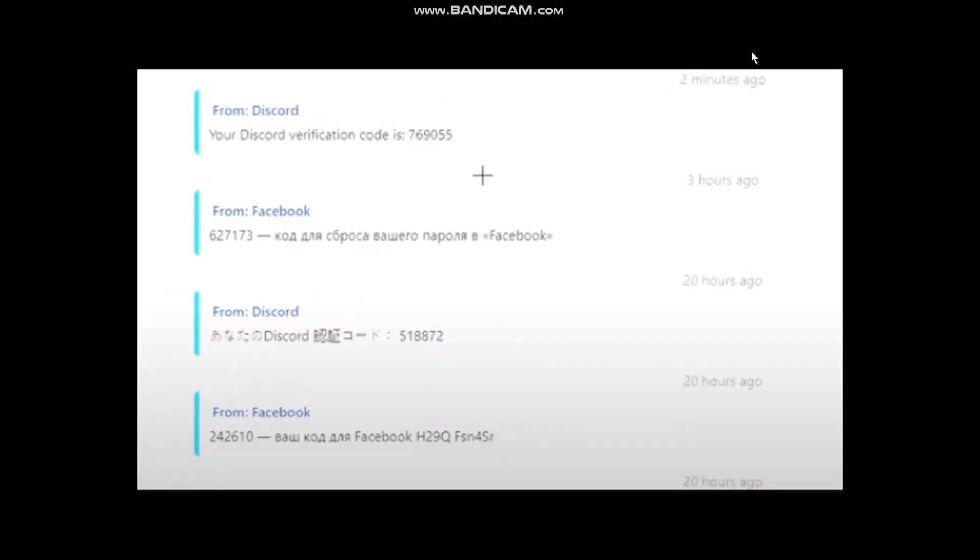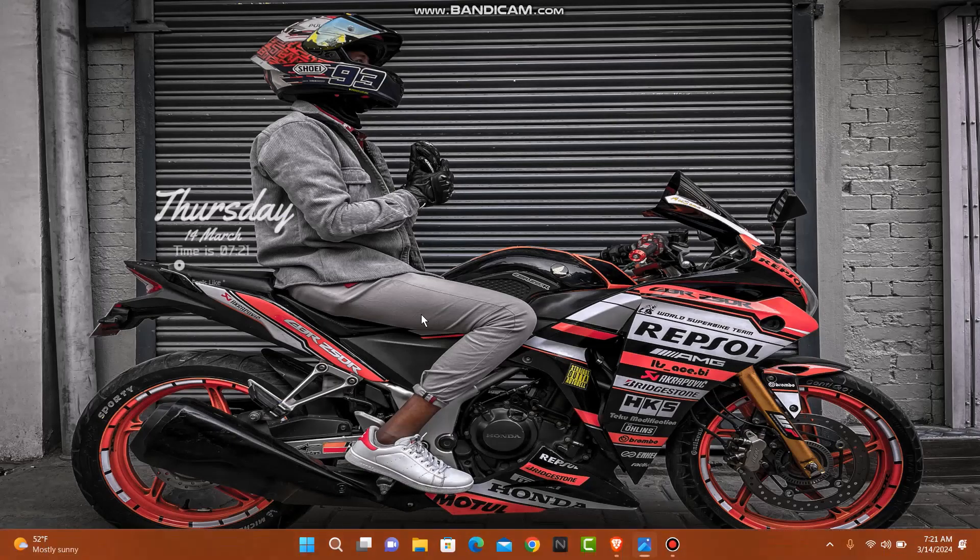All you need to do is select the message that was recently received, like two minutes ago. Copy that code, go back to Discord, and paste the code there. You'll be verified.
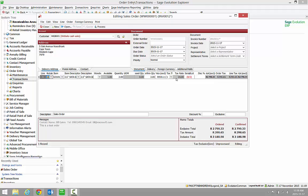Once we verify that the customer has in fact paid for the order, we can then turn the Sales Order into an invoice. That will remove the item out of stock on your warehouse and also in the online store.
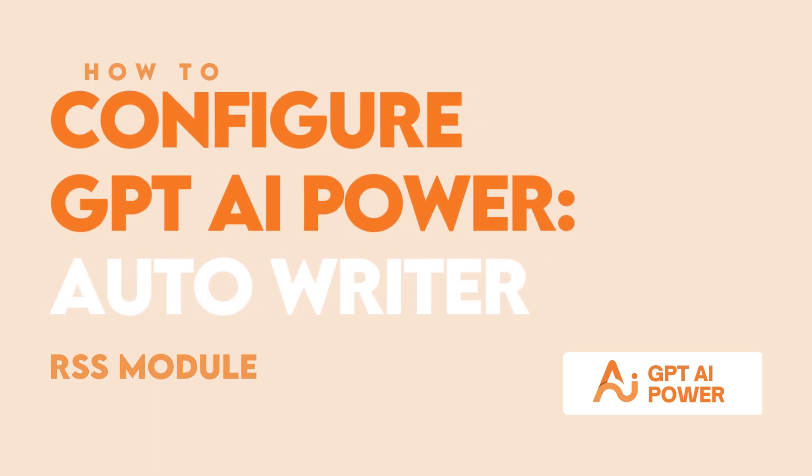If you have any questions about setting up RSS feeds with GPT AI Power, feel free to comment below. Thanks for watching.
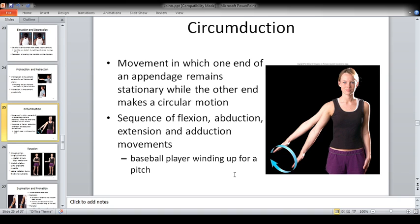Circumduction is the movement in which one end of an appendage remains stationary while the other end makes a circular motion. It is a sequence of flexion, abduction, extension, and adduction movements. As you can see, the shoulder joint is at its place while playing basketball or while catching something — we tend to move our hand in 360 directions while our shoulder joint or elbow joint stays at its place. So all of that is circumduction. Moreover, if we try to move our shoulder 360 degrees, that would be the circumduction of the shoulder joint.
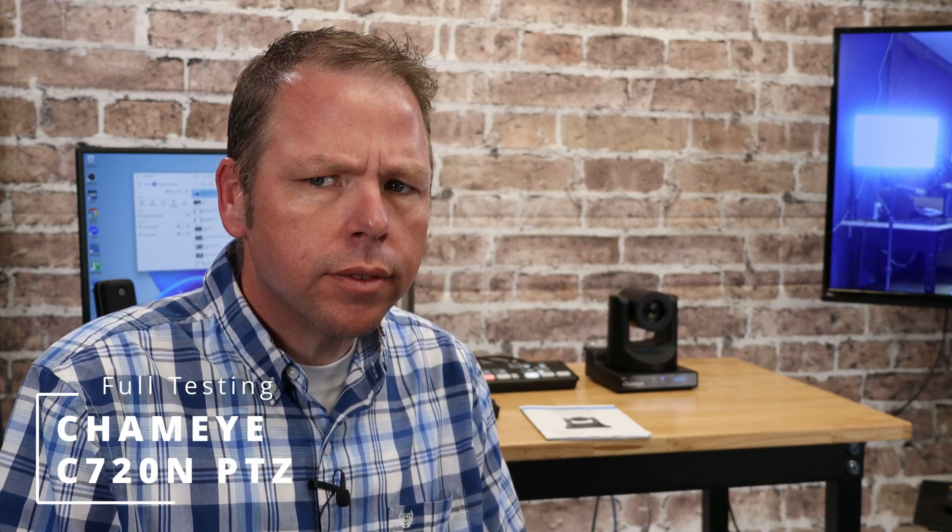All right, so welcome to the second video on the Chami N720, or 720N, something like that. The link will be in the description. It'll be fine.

============

▶ [What is required] From the line with "Once we verify" up to and including the line with "If you have" above, retype every line exactly and nothing more; leave out the pictures.

▶ [Your solution]
Once we verify that the customer has in fact paid for the order, we can then turn the Sales Order into an invoice. That will remove the item out of stock on your warehouse and also in the online store.
If you have any questions about setting up RSS feeds with GPT AI Power, feel free to comment below. Thanks for watching.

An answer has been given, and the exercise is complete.